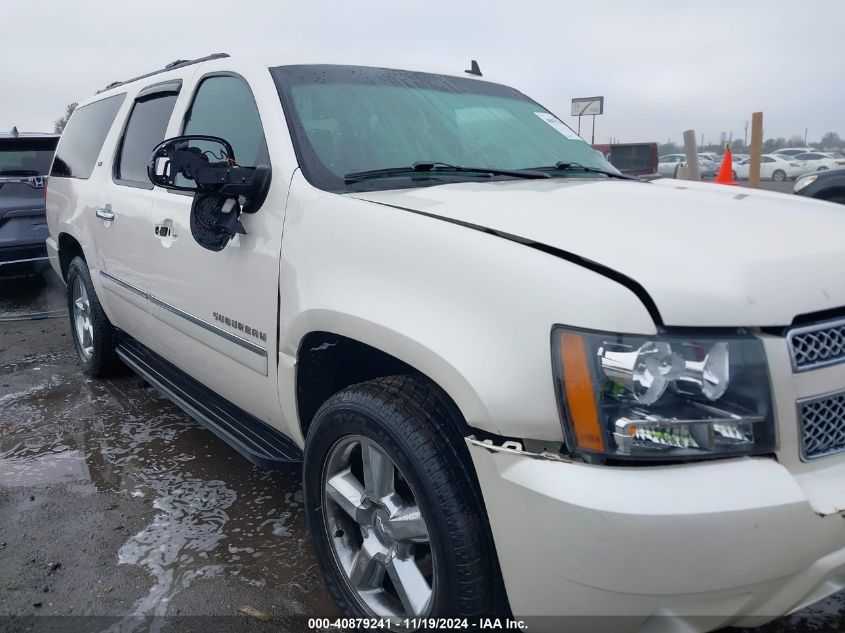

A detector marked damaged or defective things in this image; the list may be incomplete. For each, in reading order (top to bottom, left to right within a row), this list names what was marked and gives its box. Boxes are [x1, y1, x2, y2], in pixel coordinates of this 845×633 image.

broken side mirror [147, 136, 272, 252]
damaged front bumper [468, 436, 845, 632]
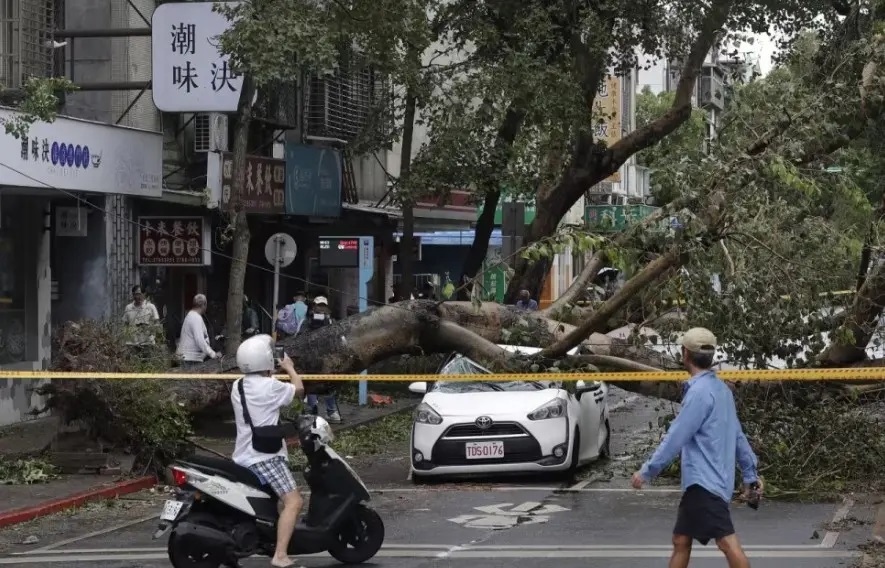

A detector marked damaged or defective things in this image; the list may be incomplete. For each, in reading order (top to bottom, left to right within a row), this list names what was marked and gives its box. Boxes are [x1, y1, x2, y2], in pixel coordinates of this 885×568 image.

crushed white car [408, 344, 608, 482]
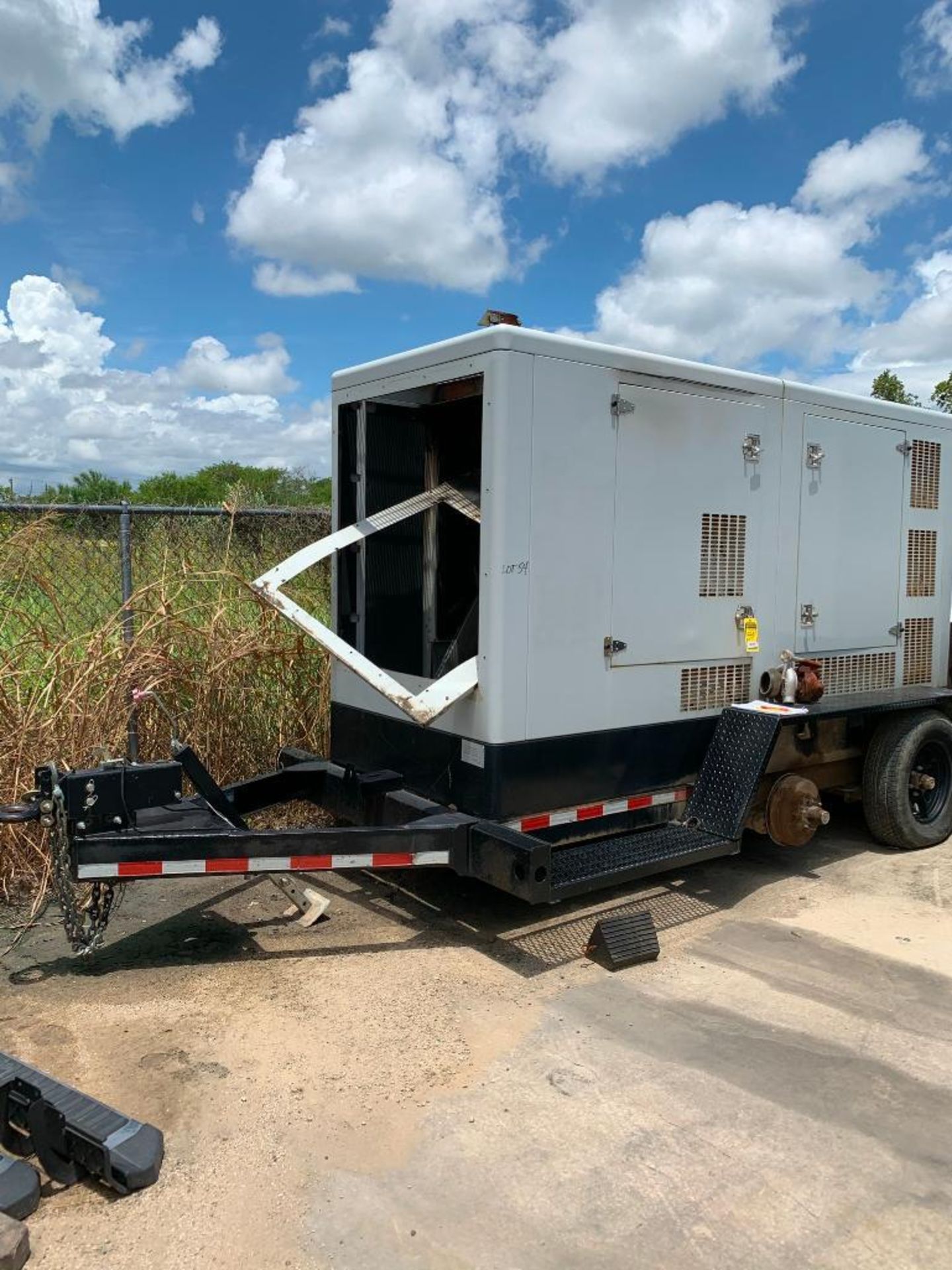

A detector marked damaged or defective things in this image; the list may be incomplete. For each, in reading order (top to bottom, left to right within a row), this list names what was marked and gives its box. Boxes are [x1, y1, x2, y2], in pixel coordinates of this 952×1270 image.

bent white metal panel [251, 482, 479, 731]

————

_Directions_
Could you reproduce exactly the lines from the one containing "this 885×568 image." through the last line of the records, both included, leaving out the pictures?

_Task response_
A detector marked damaged or defective things in this image; the list may be incomplete. For each, in reading order (top to bottom, left to right within a row), this list names what was marked and gives its box. Boxes are [x1, y1, x2, y2], in pixel coordinates of this 885×568 image.

crushed white car [408, 344, 608, 482]

A detector marked damaged or defective things in this image; the list may be incomplete. For each, in reading order (top to bottom, left to right within a row), this list names what was marked and gives its box. Boxes are [x1, y1, x2, y2], in pixel coordinates of this 952×1270 image.

bent white metal panel [251, 482, 479, 731]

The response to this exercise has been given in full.